Damit wird die politische Antwort des Papstes, die in der Tat durchaus die Gestalt eines geistlichen Briefes hat, im innersten Kern zu einer geistlichen Beauftragung. Im Grunde ist der Erzbischof von München erst jetzt wirklich Bischof seiner Diözese, da er ihr gar nicht mehr vorstehen mag. Was er einst mit aller Kraft angestrebt hat, das muss er nun im wider Willen im Gehorsam tun.
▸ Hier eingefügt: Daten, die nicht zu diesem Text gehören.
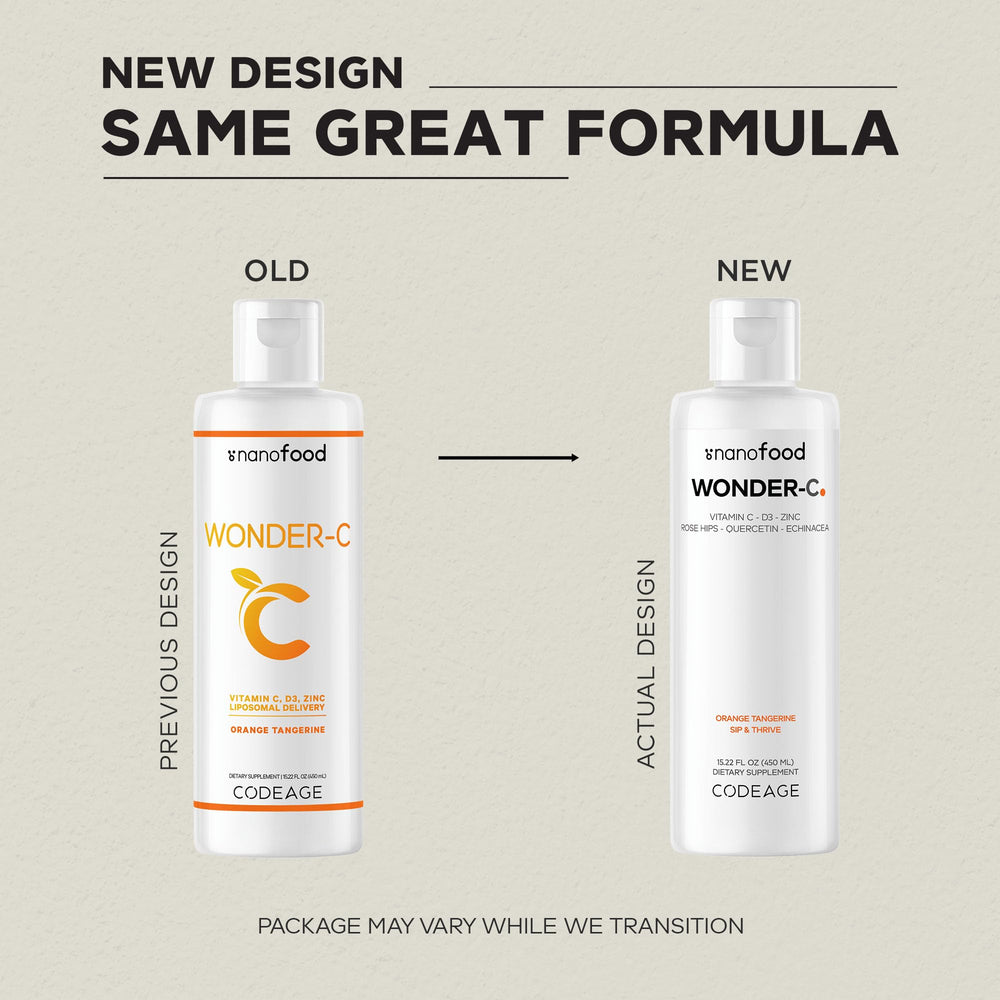 Liposomal delivery system graphic for Wonder-C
An dem von ihm selbst festgestellten Totpunkt muss der Erzbischof nun ausharren. Das luxuriöse Palais Holnstein wird damit zum Edelgefängnis und kann ein Ort der Buße werden. Ein Dienstwagen der Oberklasse wird ihm zum Gefangenentransport, wenn er an die Orte muss, die ihm den toten Glauben in den verkrusteten Strukturen der Kirche zeigen. Wer würde da nicht gerne ausbrechen? Denn in vielem mag Reinhard Marx falsch liegen, in einem hat er sehr Recht: die Kirchenwelt, die ihn umgibt, ist tot. Es ist die Kirche der Angestellten, der Beamten, der Funktionäre, die Kirche der pastoralen und synodalen Wege, der Pläne und Sitzungen, diese Kirche ist wirklich so maustot, wie eine Zoomkonferenz ohne Teilnehmer. In dieser Kirche stehen die verbindlichen Glaubenssätze zur Diskussion und gelten diskussionswürdige Ideologien als feststehende Dogmen. Diese Kirche hat in der Bedrohung durch eine Epidemie die Türen verschlossen, statt den Menschen ein Trost zu sein. Noch immer knebeln kirchliche Stellen Liturgie und Gläubige in einem staatlichen Stellen nur zu oft weit vorauseilenden Gehorsam. Wäre der Gehorsam der Pfarrer gegen liturgische Vorschriften nur näherungsweise so hoch, wie der Gehorsam gegenüber den verschiedenen Coronaverordnungen, so feierte die Kirche überall zur Erhebung der Seelen würdige, festliche Liturgie.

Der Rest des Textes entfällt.